La elevada prevalencia del asma en España, la cronicidad de su evolución, que obliga a una asistencia médica continuada, y su gran variabilidad clínica, tanto entre pacientes como en un mismo enfermo en distintos periodos de tiempo, son circunstancias que hacen que el papel de los médicos de Atención Primaria, como primer escalón asistencial y puerta de entrada al sistema sanitario, sea absolutamente fundamental en el manejo de la enfermedad. La adecuada conexión entre la Atención Primaria y la especializada, esencialmente la neumología en el caso del asma, y el establecimiento de los oportunos criterios de derivación de un escalón a otro son elementos básicos para conseguir la optimización de los recursos disponibles y para lograr la mejor asistencia posible para cada paciente.

Criterios de derivación

La atención a los pacientes con asma es una responsabilidad compartida de los profesionales de Atención Primaria con neumólogos y alergólogos, de forma que la adecuada coordinación entre todos permitirá una mayor calidad en la atención facilitada al asmático.

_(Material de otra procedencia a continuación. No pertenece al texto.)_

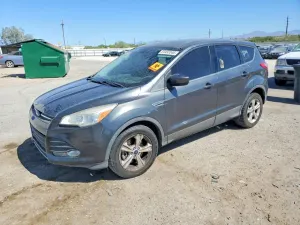 Ford Escape 2.0L 4 2015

Por ello, es necesario conocer hasta dónde estos pacientes deben ser atendidos en Atención Primaria y cuando serán derivados a una consulta especializada o a la urgencia de un hospital, y dependerá de las características de cada paciente y de la experiencia del profesional. No se trata de fijar criterios rígidos de derivación entre ambos niveles asistenciales, sino que lo importante es establecer una relación de responsabilidad y de mutua colaboración.

Pueden recomendarse las siguientes actuaciones:

A un servicio de neumología o de alergia:

o Cuando existen dudas sobre el diagnóstico.
o Para realizar pruebas no disponibles en Atención Primaria.
o Pacientes con asma de difícil control: asma inestable, asma de riesgo vital, comorbilidad importante, asmáticos corticodependientes.
o Mala respuesta clínica a un tratamiento correcto y bien cumplimentado.
o Ante síntomas atípicos o dificultades en el diagnóstico inicial.
o Complicaciones con el tratamiento.
o Sospecha de asma de origen ocupacional.
o Asma persistente grave.
A urgencias de un hospital:
o Dificultad de seguimiento de una crisis, o falta de experiencia del equipo en el manejo de la misma.
o FEM menor del 50 por ciento del teórico.
o Cuando la crisis empeora o no mejora con un tratamiento correcto.
o Ante la instauración o empeoramiento rápido de una crisis.
o Cuando se sospechan complicaciones.
o Si el paciente ha sido ingresado previamente en la UCI por una crisis anterior.
o En caso de pacientes con asma inestable.
o En presencia de signos y síntomas de extrema gravedad.